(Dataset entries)
--------------------
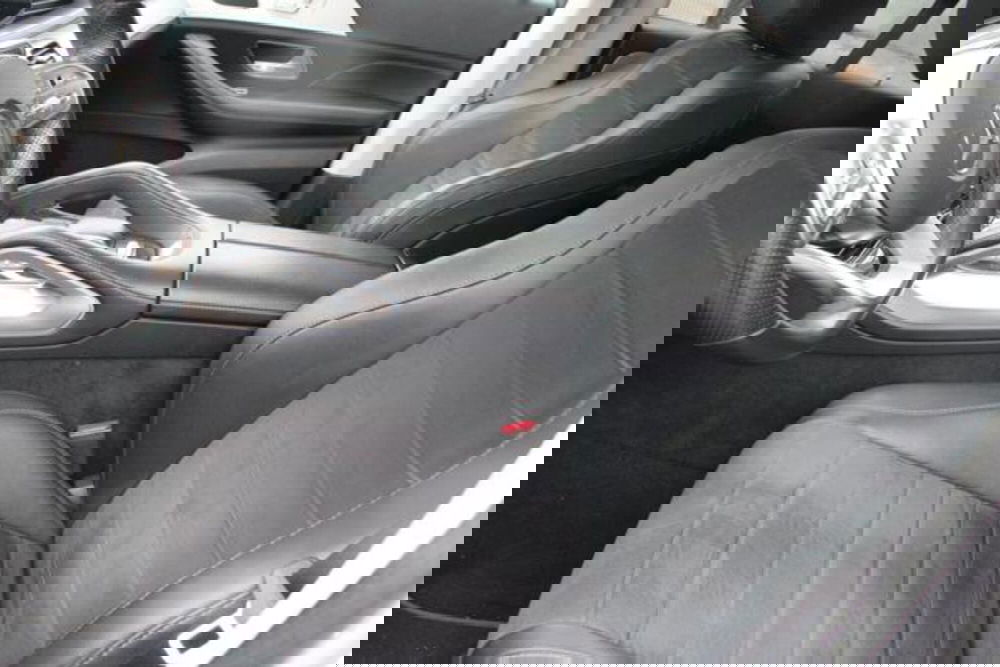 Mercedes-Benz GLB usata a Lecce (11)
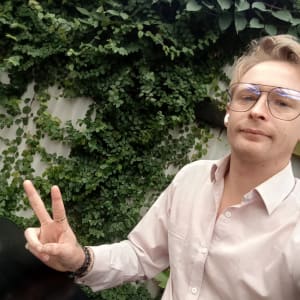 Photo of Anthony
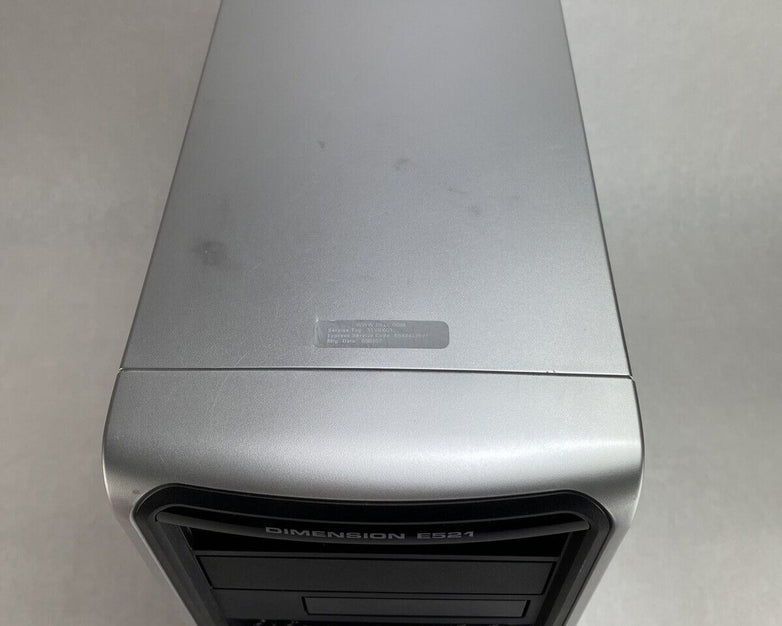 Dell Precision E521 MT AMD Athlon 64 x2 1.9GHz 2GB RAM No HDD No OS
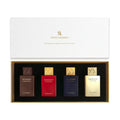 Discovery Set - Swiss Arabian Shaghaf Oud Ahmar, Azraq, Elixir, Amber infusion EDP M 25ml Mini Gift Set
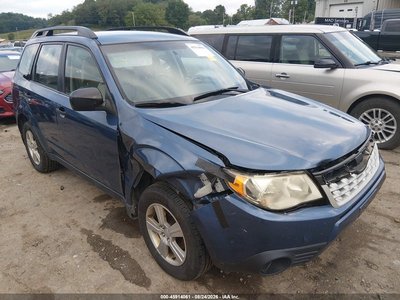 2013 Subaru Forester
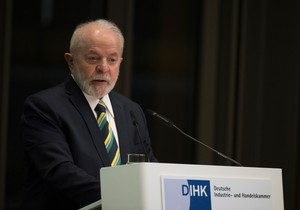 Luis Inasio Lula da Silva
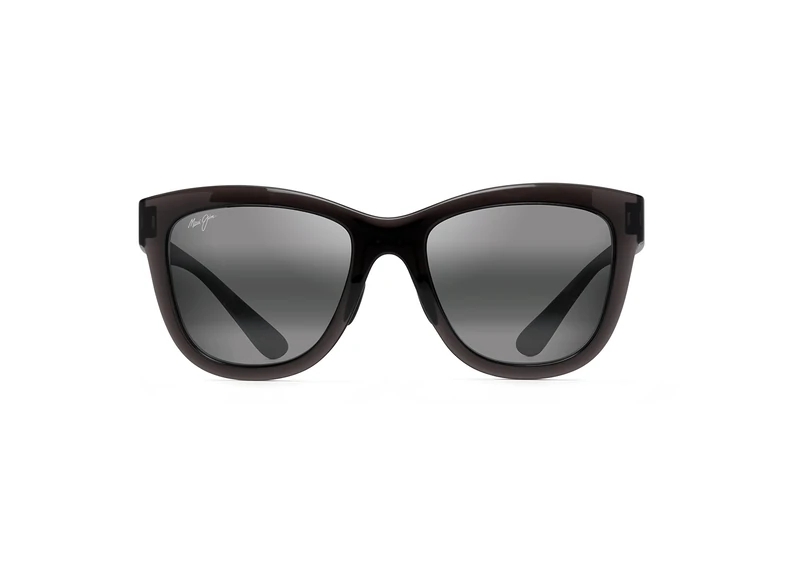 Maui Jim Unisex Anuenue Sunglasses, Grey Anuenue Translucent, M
--------------------
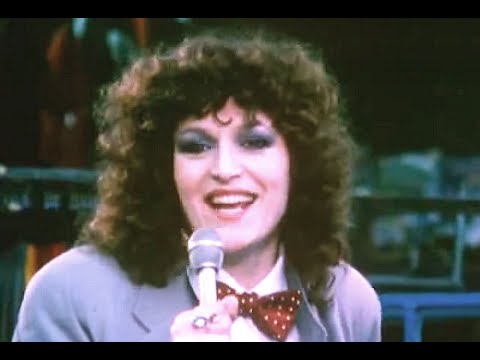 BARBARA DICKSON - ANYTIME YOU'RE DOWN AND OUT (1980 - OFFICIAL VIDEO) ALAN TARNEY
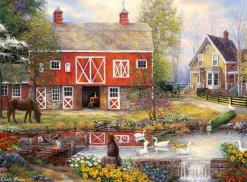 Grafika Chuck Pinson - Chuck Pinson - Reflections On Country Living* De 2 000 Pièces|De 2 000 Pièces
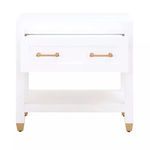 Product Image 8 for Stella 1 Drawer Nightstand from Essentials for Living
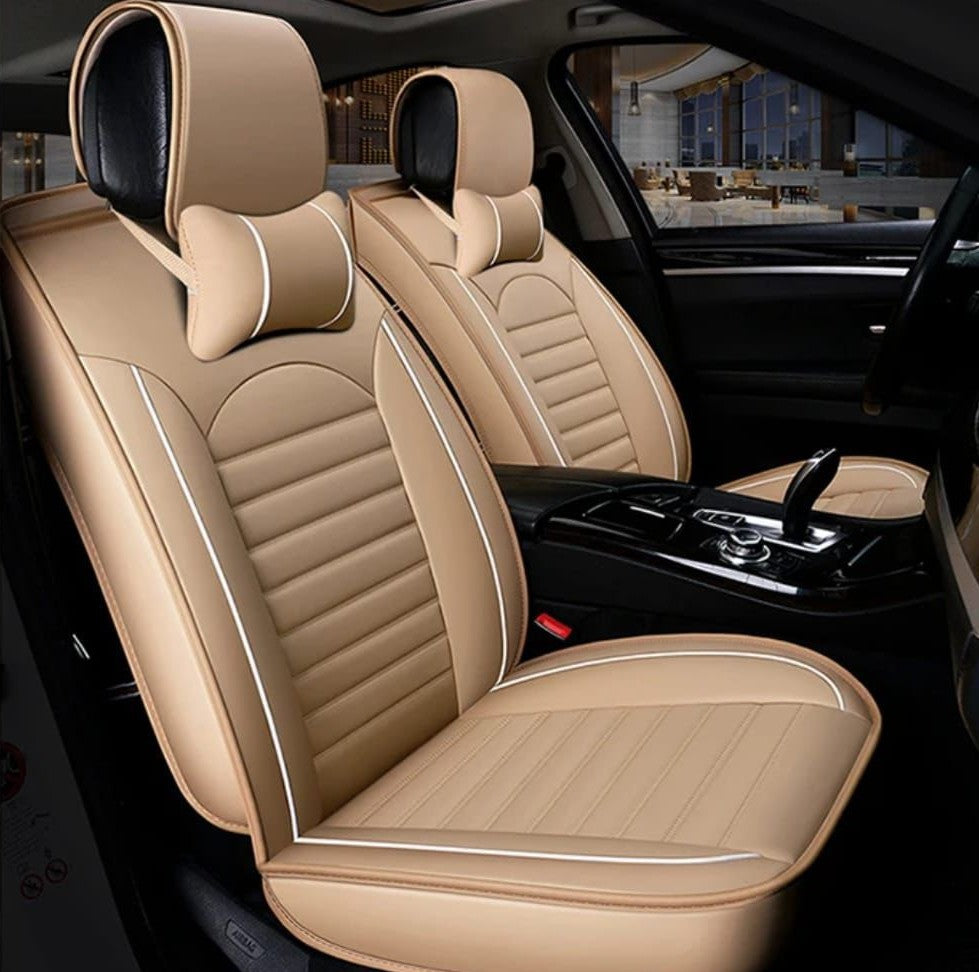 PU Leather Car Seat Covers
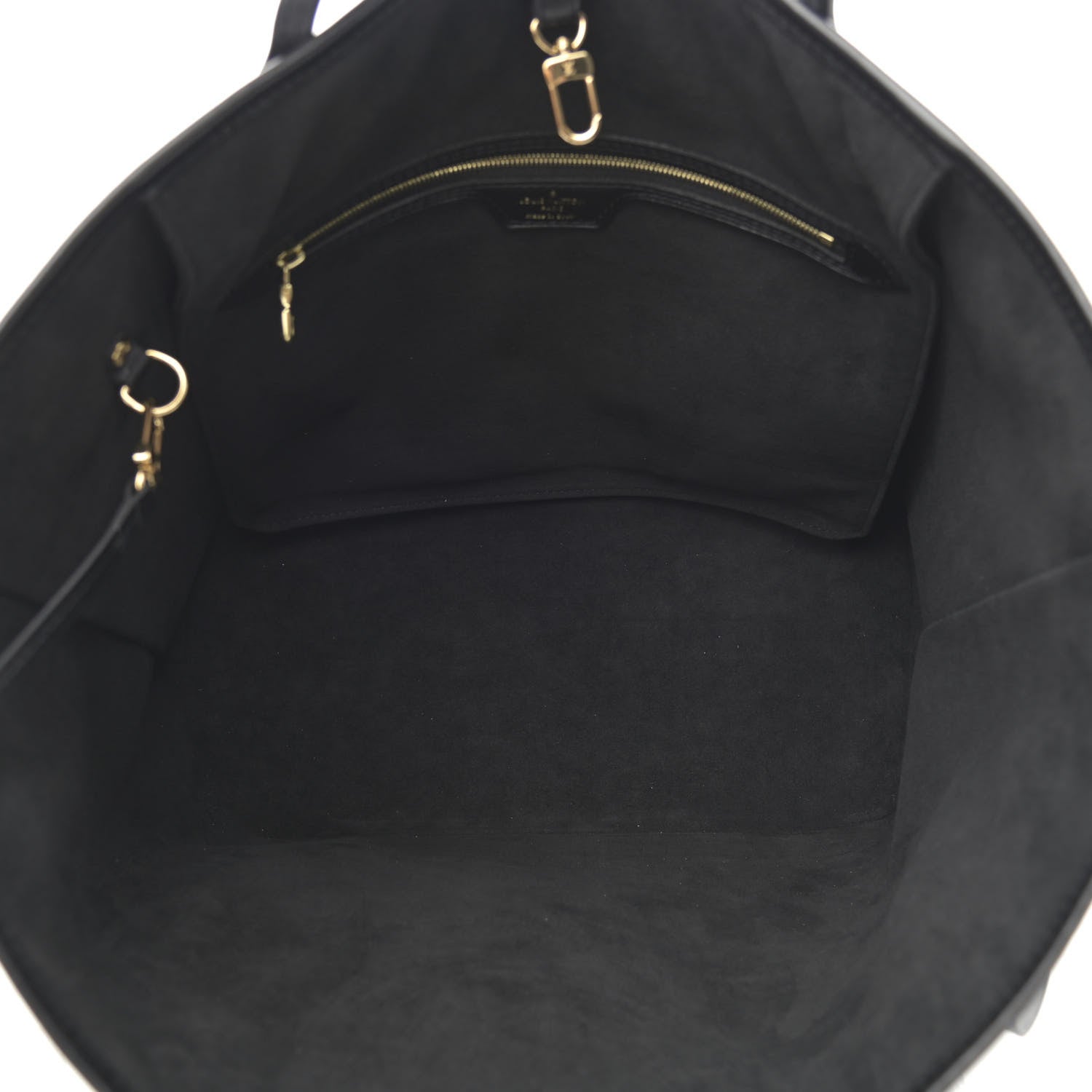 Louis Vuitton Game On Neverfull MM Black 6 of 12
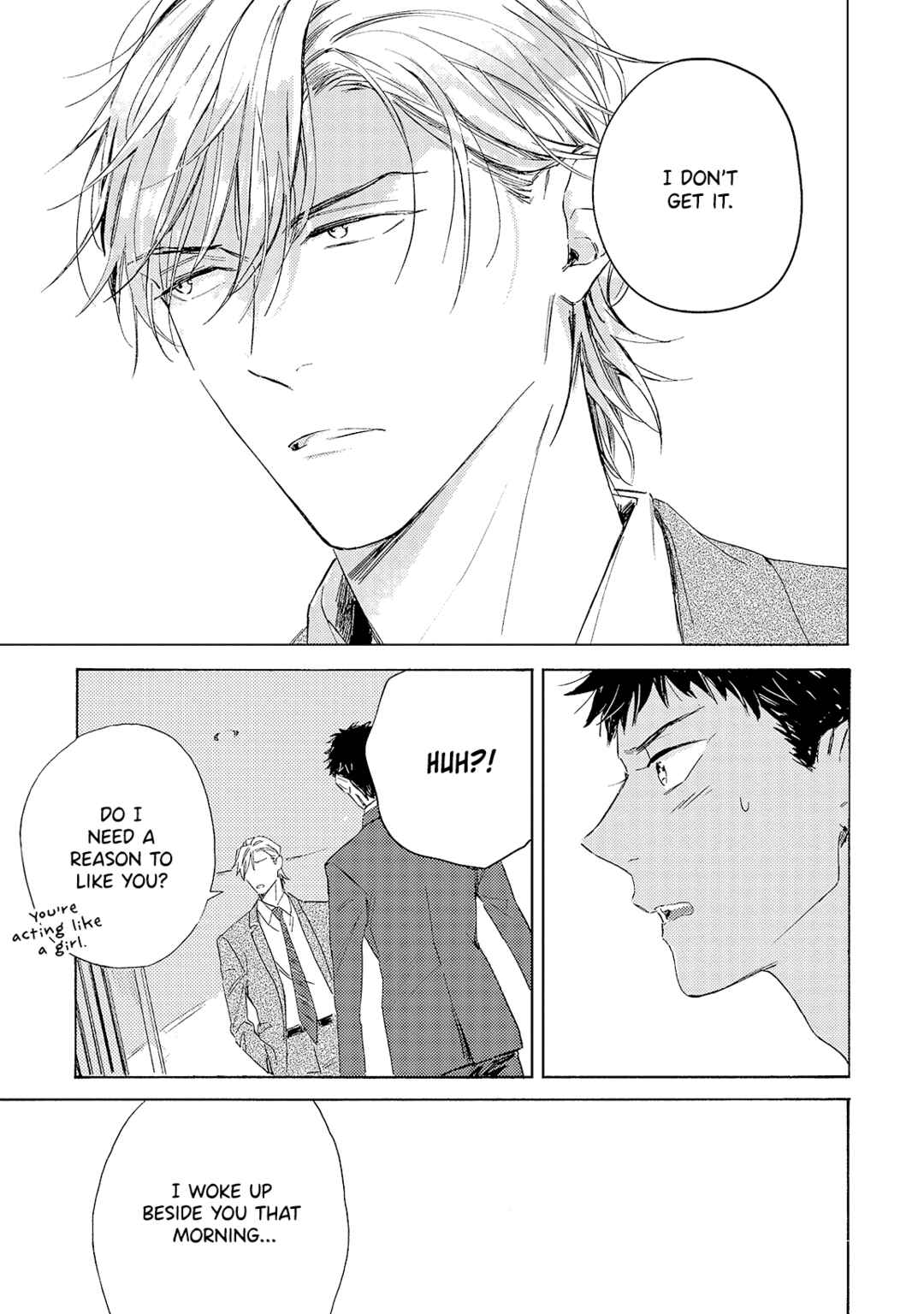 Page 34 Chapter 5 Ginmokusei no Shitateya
--------------------
__What you need to do__
For this exercise, return exactly the lines above from the line with "Mercedes-Benz GLB usata a Lecce (11)" through the line with "Maui Jim Unisex", both included. Do not copy the pictures.

__Exercise answer__
 Mercedes-Benz GLB usata a Lecce (11)
 Photo of Anthony
 Dell Precision E521 MT AMD Athlon 64 x2 1.9GHz 2GB RAM No HDD No OS
 Discovery Set - Swiss Arabian Shaghaf Oud Ahmar, Azraq, Elixir, Amber infusion EDP M 25ml Mini Gift Set
 2013 Subaru Forester
 Luis Inasio Lula da Silva
 Maui Jim Unisex Anuenue Sunglasses, Grey Anuenue Translucent, M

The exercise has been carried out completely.